◆ **Directions**: Where in the data below does the word "quartos" appear? Copy each line that holds it.
===
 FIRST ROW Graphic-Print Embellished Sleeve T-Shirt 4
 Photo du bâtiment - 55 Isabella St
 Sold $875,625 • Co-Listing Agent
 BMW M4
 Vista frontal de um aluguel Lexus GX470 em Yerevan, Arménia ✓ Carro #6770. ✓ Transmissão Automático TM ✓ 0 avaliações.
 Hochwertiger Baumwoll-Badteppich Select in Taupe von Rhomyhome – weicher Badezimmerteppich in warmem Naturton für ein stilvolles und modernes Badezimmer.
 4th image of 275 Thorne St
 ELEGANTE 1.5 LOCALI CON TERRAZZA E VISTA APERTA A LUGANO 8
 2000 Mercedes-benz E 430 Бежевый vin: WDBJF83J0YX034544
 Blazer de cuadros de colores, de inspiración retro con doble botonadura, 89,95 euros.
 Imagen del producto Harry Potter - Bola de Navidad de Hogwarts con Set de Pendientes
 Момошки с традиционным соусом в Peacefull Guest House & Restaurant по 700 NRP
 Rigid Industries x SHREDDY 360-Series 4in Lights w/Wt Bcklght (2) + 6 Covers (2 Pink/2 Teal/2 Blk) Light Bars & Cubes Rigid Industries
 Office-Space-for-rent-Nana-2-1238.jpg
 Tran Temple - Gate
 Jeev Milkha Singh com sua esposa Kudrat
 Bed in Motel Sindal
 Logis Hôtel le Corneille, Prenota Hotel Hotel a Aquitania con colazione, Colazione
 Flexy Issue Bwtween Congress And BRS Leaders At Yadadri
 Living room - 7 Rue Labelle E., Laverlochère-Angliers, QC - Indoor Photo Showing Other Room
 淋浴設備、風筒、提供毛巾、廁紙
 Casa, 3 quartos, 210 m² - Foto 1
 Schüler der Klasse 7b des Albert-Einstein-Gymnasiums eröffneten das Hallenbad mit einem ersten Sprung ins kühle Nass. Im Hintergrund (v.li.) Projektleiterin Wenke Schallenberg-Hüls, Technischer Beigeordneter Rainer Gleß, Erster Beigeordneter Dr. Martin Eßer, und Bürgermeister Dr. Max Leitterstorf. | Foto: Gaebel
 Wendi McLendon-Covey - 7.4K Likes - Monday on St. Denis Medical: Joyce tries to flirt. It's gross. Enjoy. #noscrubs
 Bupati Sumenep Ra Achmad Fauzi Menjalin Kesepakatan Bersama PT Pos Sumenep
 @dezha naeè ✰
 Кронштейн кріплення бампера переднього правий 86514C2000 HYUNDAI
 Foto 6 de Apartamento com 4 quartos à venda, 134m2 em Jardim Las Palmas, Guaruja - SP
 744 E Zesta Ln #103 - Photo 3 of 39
===
◆ **The completed task**:
 Casa, 3 quartos, 210 m² - Foto 1
 Foto 6 de Apartamento com 4 quartos à venda, 134m2 em Jardim Las Palmas, Guaruja - SP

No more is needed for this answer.